À l’intime servitude succède : Nantes, projets d’artistes. Il s’agit d’un faux reportage fait de faux documentaires. La ville de Nantes y est laissée en pâture à des artistes en vue d’une réhabilitation urbaine. Les réalisations ne manquent pas d’humour et Pierrick Sorin d’auto dérision. Ce qui aurait pu devenir une satire sociale échoue à tous les niveaux, prenant le contre-pied des boulevards et des idées toutes faites sur les liens entretenus par l’art et l’habitat L’artiste s’emploie à démonter la vanité du discours de l’art et du ré-enchantement que l’on voudrait bien nous faire gober. La vidéo se regarde sans que jamais l’on sache vraiment si c’est du spectateur, du monde de l’art, ou juste de lui-même que Pierrick Sorin se moque.

L’exposition ne se prend pas pour autant au sérieux. Et propose aux visiteurs Aquarium aux danseuses ainsi qu’un autre de ses Théâtre optique où figure une personne  qui court sur un tourne disque. Ces petites distractions d’humeurs, sortes de mouvement perpétuel en image, chronophage et creux, sont des monuments au temps perdu à consommer. Ils prennent tout leur sens quand on les découvre après avoir marché pendant une heure pour trouver le fameux centre d’art qui les expose.

L’un des plus célèbre Auto-filmage vidéo de l’artiste est aussi présenté. Dans ce cruel exercice on voit Pierrick Sorin, à quatre pattes, habillé de lingerie féminine, s’observer le derrière par le biais d’un système reliant une caméra pointé sur son cul à un écran sous son nez. La vidéo ne dure pas très longtemps, et comme les autres elle est projetée en boucle. Les images sont ridicules, désobligeantes et gênantes d’authenticité, mais l’on peut détourner le regard de ce miroir masturbatoire. Par contre la bande son lubrique qui répète à l’infini les mêmes commentaires cochons ne se laisse pas fuir aussi facilement.

La première et la dernière installation vidéo datent de 1993, la seconde de 2000. Comme la plupart de ces œuvres elles ont été conçues dans les années 1990. À les décrire on n’en rend pas forcement compte, mais leur esthétique visuelle accuse le coup.
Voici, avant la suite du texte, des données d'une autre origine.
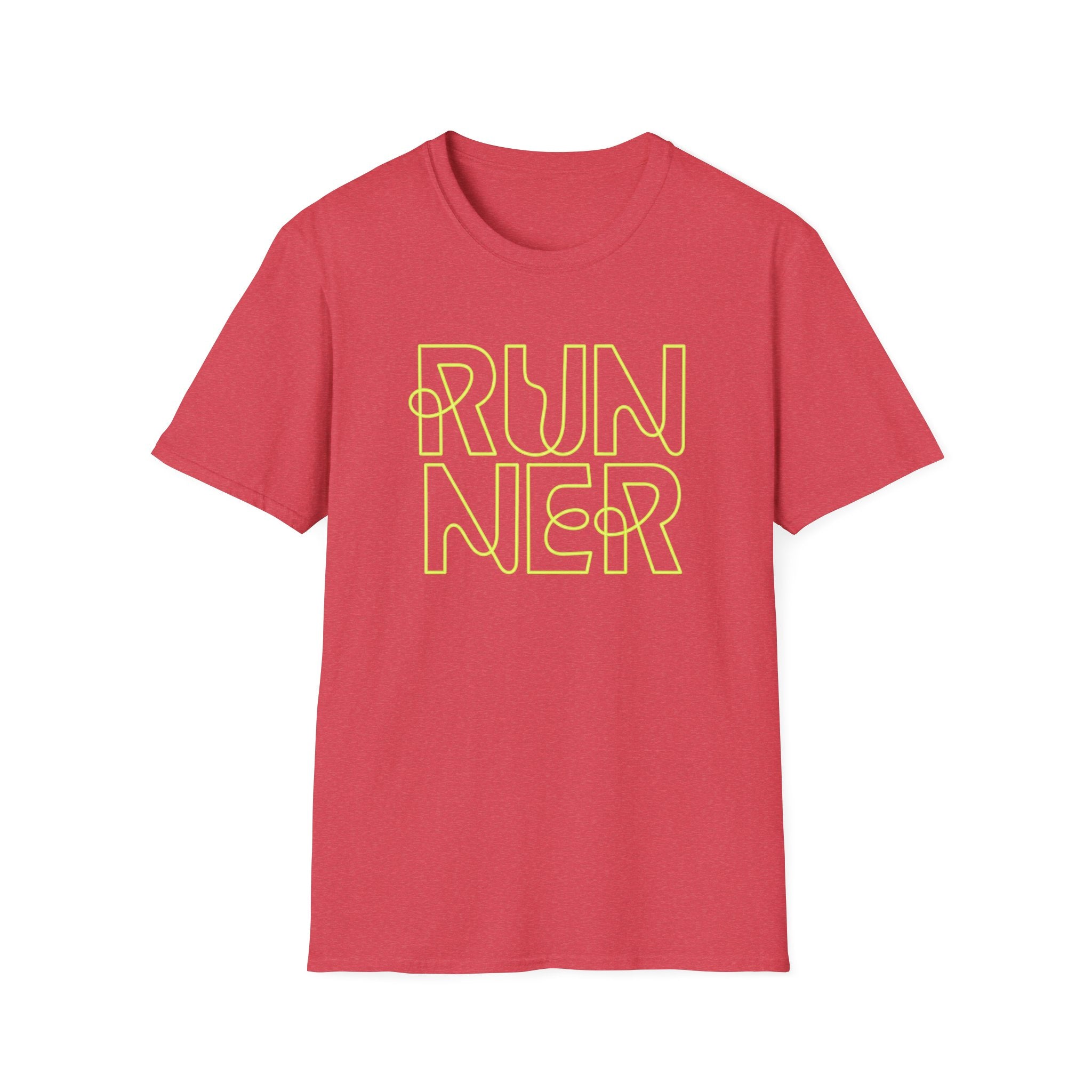 RUN NER T-Shirt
Le travail de Pierrick Sorin est tellement imprégné dans les formes qu’il pointe du doigt que même l’Aquarium aux danseuses réalisé en 2010 est imbibé de cette époque. En les découvrant vingt ans plus tard, les souvenirs qui émergent de la mascarade qui a caractérisé cette période se mêlent aux faits et à leur dénonciation. Ces marqueurs temporels avec lesquels l’artiste joue ont mal vieilli et c’est là que le piège se referme sur le visiteur, quand se sentant touché par les thèmes abordés, il comprend que ce qu’il pensait dépassé est toujours là. Juste maquillé différemment.